# WHAT THIS TASK INVOLVES
Leave the pictures aside and copy all the data exactly.

# DATA SECTION
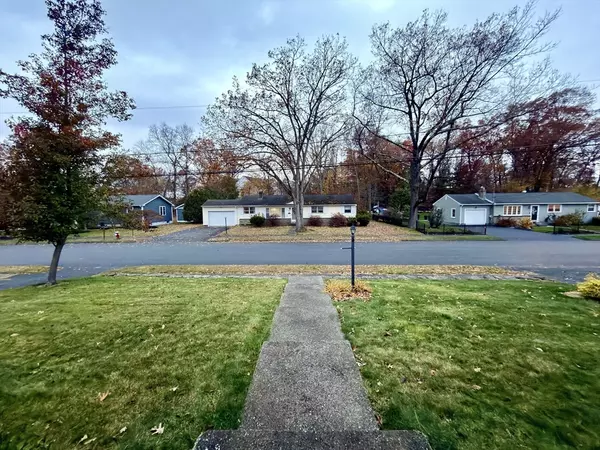 Shrewsbury, MA 01545,45 Kinglet Dr #A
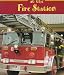At the Fire Station (Field Trips (Child's World))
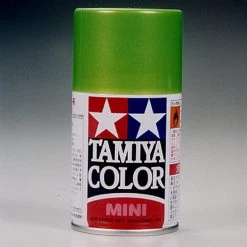 Tamiya Spray Lacquer TS-52 Candy Lime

# SOLUTION
 Shrewsbury, MA 01545,45 Kinglet Dr #A
At the Fire Station (Field Trips (Child's World))
 Tamiya Spray Lacquer TS-52 Candy Lime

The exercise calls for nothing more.